O caso do azeite, transformado em “ouro líquido”, simboliza essa contradição na busca pela justiça econômica e a disparidade crescente que o mercado impõe. De acordo com Dworkin, não apenas a compensação para os menos favorecidos deveria ser considerada, mas também a criação de mecanismos que assegurem o direito de todos ao consumo equilibrado. Instituições de mercado deveriam ser desenhadas para garantir que bens essenciais sejam protegidos de oscilações de mercado que limitam seu consumo aos mais privilegiados, promovendo uma igualdade de oportunidades de consumo.

Dworkin utiliza uma analogia em que um grupo de pessoas é deixado em uma ilha com uma quantidade limitada de recursos, como cocos e ovos, para ilustrar sua teoria sobre justiça distributiva e igualdade de recursos. Nessa situação, ele observa como uma distribuição inicial de recursos naturais pode determinar as possibilidades de cada indivíduo na ilha, refletindo o modo como as condições de partida influenciam o sucesso pessoal. O exemplo da ilha de Dworkin ilustra que, em uma sociedade justa, todos devem ter acesso igualitário aos recursos necessários para sobreviver e prosperar.

Ele argumenta que a alocação inicial desses bens deve ser feita de modo que todos os indivíduos possam usá-los com igual potencial para alcançar seus objetivos. No entanto, Dworkin reconhece que as escolhas pessoais influenciarão como cada um usará seus recursos, respeitando a liberdade individual. O cenário da ilha evidencia a necessidade de um equilíbrio entre igualdade e responsabilidade pessoal, já que, a partir da distribuição inicial justa, cabe a cada pessoa decidir como vai utilizar seus bens.

A analogia dos cocos e ovos também destaca a importância de compensar desigualdades não escolhidas, como condições naturais ou sorte.
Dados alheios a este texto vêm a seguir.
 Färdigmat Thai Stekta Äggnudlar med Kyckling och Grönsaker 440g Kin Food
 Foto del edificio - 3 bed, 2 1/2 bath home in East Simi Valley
Se uma pessoa tem dificuldade de acessar os cocos por sua localização na ilha ou por questões de saúde, por exemplo, Dworkin sugere que ajustes na distribuição inicial podem ser necessários para equilibrar essas disparidades. Esse princípio reflete a ideia de igualdade de recursos, onde as desigualdades naturais devem ser minimizadas para que todos tenham oportunidades comparáveis, sem que as escolhas individuais sejam restringidas.
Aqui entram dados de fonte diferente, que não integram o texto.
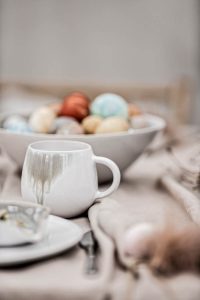 Święta takie, jak kochasz! Wielkanocne aranżacje stołu z Fyrklövern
Dworkin propõe, assim, que a justiça na distribuição dos recursos deve levar em conta tanto a equidade quanto a liberdade de cada indivíduo de tomar decisões após uma distribuição justa. A metáfora da ilha é útil para ilustrar que, em uma sociedade justa, cada um deve ter uma “fatia” dos recursos que permita uma base igualitária, a partir da qual as decisões pessoais moldarão o sucesso individual. Ele defende que essa abordagem garante tanto o respeito pelas diferenças pessoais quanto um compromisso com a justiça na base distributiva.

Hoje, em nossa sociedade, não temos um ponto igualitário de partida, algumas crianças nascem milionárias enquanto outras nascem com o risco de morrerem de fome antes de completarem 5 anos de idade. Então não se pode dizer que o ponto econômico no qual cada uma delas chegou na vida adulta depende do mérito pessoal, unicamente de suas escolhas, boas ou ruins. Depende em grande medida da sorte do contexto no qual nasceu, que influenciou boa parte de suas oportunidades.

A perspectiva de Dworkin aponta no sentido de que as políticas públicas interfiram na estrutura de preços e distribuição de recursos, criando mecanismos de justiça que protejam a acessibilidade aos produtos básicos e condições de saída mais igualitárias. Essa visão se torna essencial em uma sociedade onde o mercado, regido exclusivamente pela demanda, falha em refletir as necessidades da população.

Diante da inflação de produtos essenciais como o azeite, a teoria de Dworkin propõe que uma sociedade verdadeiramente justa não deve permitir que o mercado funcione sem um contrapeso ético e equitativo. Assim, o debate sobre a alta dos preços de bens essenciais é também um debate sobre o futuro da justiça distributiva, o papel do Estado e a necessidade de políticas que garantam um acesso justo e igualitário a todos.